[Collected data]
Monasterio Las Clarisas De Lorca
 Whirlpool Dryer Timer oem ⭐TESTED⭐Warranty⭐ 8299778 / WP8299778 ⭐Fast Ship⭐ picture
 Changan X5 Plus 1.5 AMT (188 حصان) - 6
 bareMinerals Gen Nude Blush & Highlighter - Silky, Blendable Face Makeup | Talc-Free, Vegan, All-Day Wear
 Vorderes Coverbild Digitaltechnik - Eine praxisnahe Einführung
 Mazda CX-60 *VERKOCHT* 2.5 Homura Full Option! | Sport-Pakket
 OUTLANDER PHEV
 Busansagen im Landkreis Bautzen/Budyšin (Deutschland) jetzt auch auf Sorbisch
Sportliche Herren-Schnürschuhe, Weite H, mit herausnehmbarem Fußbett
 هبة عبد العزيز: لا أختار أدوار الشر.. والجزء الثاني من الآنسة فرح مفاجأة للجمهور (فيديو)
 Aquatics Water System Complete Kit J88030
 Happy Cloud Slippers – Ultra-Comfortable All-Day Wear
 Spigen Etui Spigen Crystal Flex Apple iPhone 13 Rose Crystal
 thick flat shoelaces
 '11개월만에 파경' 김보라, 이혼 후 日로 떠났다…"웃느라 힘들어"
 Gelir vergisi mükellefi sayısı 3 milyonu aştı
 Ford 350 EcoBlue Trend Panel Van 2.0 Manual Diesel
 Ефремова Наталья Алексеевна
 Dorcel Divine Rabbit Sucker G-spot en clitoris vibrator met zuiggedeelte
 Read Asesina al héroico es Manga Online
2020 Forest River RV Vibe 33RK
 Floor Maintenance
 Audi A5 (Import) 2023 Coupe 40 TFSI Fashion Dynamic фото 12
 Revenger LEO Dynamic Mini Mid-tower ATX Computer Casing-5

• Work request
Start at the first line of the entries and stop at the line that contains "Sportliche Herren-Schnürschuhe, Weite". Repeat every line in that span exactly, and nothing beyond it.

• Exercise answer
Monasterio Las Clarisas De Lorca
 Whirlpool Dryer Timer oem ⭐TESTED⭐Warranty⭐ 8299778 / WP8299778 ⭐Fast Ship⭐ picture
 Changan X5 Plus 1.5 AMT (188 حصان) - 6
 bareMinerals Gen Nude Blush & Highlighter - Silky, Blendable Face Makeup | Talc-Free, Vegan, All-Day Wear
 Vorderes Coverbild Digitaltechnik - Eine praxisnahe Einführung
 Mazda CX-60 *VERKOCHT* 2.5 Homura Full Option! | Sport-Pakket
 OUTLANDER PHEV
 Busansagen im Landkreis Bautzen/Budyšin (Deutschland) jetzt auch auf Sorbisch
Sportliche Herren-Schnürschuhe, Weite H, mit herausnehmbarem Fußbett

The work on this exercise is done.